Bruno Braga.
Schopenhauer sentenciou: "Toda vida é sofrimento" [1]. Com algo bem parecido, São João Maria Vianney advertiu os que se consomem em lamentos: "Queiramos ou não, temos que sofrer" [2]. Afirmações tão próximas sobre a existência, contudo, disfarçam os horizontes completamente distintos que os dois contemporâneos tinham dela.
Um ateu convicto, Schopenhauer emergiu de um mergulho no sujeito com a crença de ter achado no seu interior mais profundo a revelação da essência de todos os fenômenos: o mundo é Vontade. É um querer cego, obscuro e insaciável, que faz do mundo um imenso campo de batalha, manifestando nele o caráter do seu ser. Violência, dor, miséria, tormento. Prazer e satisfação são instantes fugazes e passageiros; o sofrimento é predominante e inevitável. Todos lutam contra todos. Um conflito generalizado, que exibe a sua face mais terrível e assombrosa quando o homem se torna o lobo do homem (homo homini lupus).
Para o padre Vianney, o mundo não é expressão de um ímpeto voraz de eterno descontentamento. Ele é criação sim de um Ser onipotente, mas justo e misericordioso. O mundo e o homem são obras de Deus. Sofrimentos e dores são degraus de uma escada que leva ao Céu. É o caminho da cruz, apontado pelo próprio Deus que se fez carne: "Se alguém quer me seguir, negue-se a si mesmo e tome a sua cruz" (Mc 8, 34) - Jesus Cristo, que revelou: "Eu sou o caminho, a verdade e a vida" (João 14, 6).
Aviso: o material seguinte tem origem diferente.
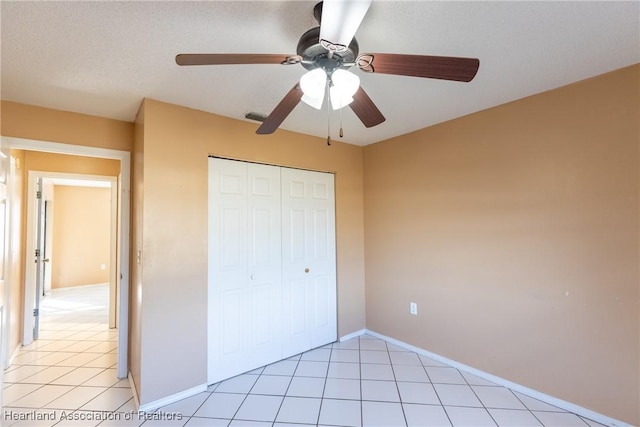 unfurnished bedroom featuring light tile patterned floors, a closet, and ceiling fan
"Mas, que 'vida'?!" Esbravejaria Schopenhauer. Dela, todos têm a certeza da derrota definitiva, qualquer esforço é inútil diante da morte. Se é possível algum consolo durante o trajeto penoso, rumo ao abismo do qual ninguém pode se desviar, ele depende da graça de uma intuição. É quando o sujeito se reconhece como "filho" da Vontade demoníaca que o atormenta, que rege o mundo e se manifesta também naquele que padece à sua frente. Neste ato de identificação, em vez de impor mais dores e sofrimentos ao outro - de fincar os dentes na própria carne - o sujeito renuncia a afirmação da sua própria vontade, ele recolhe suas armas. Para o filósofo de Danzig, esta compreensão é o que fundamenta a justiça e gera as boas ações. É ela que alimenta os santos e guia o Cristo. Divindades e eventos extraordinários são frutos da imaginação, uma fantasia criada e disseminada pela religião - uma "metafísica popular".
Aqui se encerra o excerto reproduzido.